Advanced-OpenGL/Advanced-Data

Throughout most chapters we've been extensively using buffers in OpenGL to store data on the GPU. This chapter we'll briefly discuss a few alternative approaches to managing buffers.

A buffer in OpenGL is, at its core, an object that manages a certain piece of GPU memory and nothing more. We give meaning to a buffer when binding it to a specific buffer target. A buffer is only a vertex array buffer when we bind it to GL_ARRAY_BUFFER, but we could just as easily bind it to GL_ELEMENT_ARRAY_BUFFER. OpenGL internally stores a reference to the buffer per target and, based on the target, processes the buffer differently.

So far we've been filling the buffer's memory by calling glBufferData, which allocates a piece of GPU memory and adds data into this memory. If we were to pass NULL as its data argument, the function would only allocate memory and not fill it. This is useful if we first want to reserve a specific amount of memory and later come back to this buffer.
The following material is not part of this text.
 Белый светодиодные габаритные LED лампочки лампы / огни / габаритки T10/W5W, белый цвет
Instead of filling the entire buffer with one function call we can also fill specific regions of the buffer by calling glBufferSubData. This function expects a buffer target, an offset, the size of the data and the actual data as its arguments. What's new with this function is that we can now give an offset that specifies from where we want to fill the buffer. This allows us to insert/update only certain parts of the buffer's memory. Do note that the buffer should have enough allocated memory so a call to glBufferData is necessary before calling glBufferSubData on the buffer.

glBufferSubData(GL_ARRAY_BUFFER, 24, sizeof(data), &data); // Range: [24, 24 + sizeof(data)]
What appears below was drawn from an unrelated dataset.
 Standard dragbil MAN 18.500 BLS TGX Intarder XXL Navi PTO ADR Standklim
Yet another method for getting data into a buffer is to ask for a pointer to the buffer's memory and directly copy the data in memory yourself. By calling glMapBuffer OpenGL returns a pointer to the currently bound buffer's memory for us to operate on:

float data[] = {
  0.5f, 1.0f, -0.35f
  [...]
};
glBindBuffer(GL_ARRAY_BUFFER, buffer);
// get pointer
void *ptr = glMapBuffer(GL_ARRAY_BUFFER, GL_WRITE_ONLY);
// now copy data into memory
memcpy(ptr, data, sizeof(data));
// make sure to tell OpenGL we're done with the pointer
glUnmapBuffer(GL_ARRAY_BUFFER);

By telling OpenGL we're finished with the pointer operations via glUnmapBuffer, OpenGL knows you're done. By unmapping, the pointer becomes invalid and the function returns GL_TRUE if OpenGL was able to map your data successfully to the buffer.

Using glMapBuffer is useful for directly mapping data to a buffer, without first storing it in temporary memory. Think of directly reading data from file and copying it into the buffer's memory.

Batching vertex attributes

Using glVertexAttribPointer we were able to specify the attribute layout of the vertex array buffer's content. Within the vertex array buffer we interleaved the attributes; that is, we placed the position, normal and/or texture coordinates next to each other in memory for each vertex. Now that we know a bit more about buffers we can take a different approach.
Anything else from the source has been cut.